Every line of the records below that holds the word "background" belongs in the answer.

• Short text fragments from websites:
——
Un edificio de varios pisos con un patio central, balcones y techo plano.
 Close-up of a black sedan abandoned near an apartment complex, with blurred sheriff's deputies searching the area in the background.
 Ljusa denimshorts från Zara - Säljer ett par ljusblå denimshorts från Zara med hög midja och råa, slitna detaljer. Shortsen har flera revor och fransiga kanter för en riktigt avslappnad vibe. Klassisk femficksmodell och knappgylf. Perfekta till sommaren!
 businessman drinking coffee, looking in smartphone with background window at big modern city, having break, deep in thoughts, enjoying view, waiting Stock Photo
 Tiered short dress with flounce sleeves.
——
• OUTPUT OF THE TASK:
 Close-up of a black sedan abandoned near an apartment complex, with blurred sheriff's deputies searching the area in the background.
 businessman drinking coffee, looking in smartphone with background window at big modern city, having break, deep in thoughts, enjoying view, waiting Stock Photo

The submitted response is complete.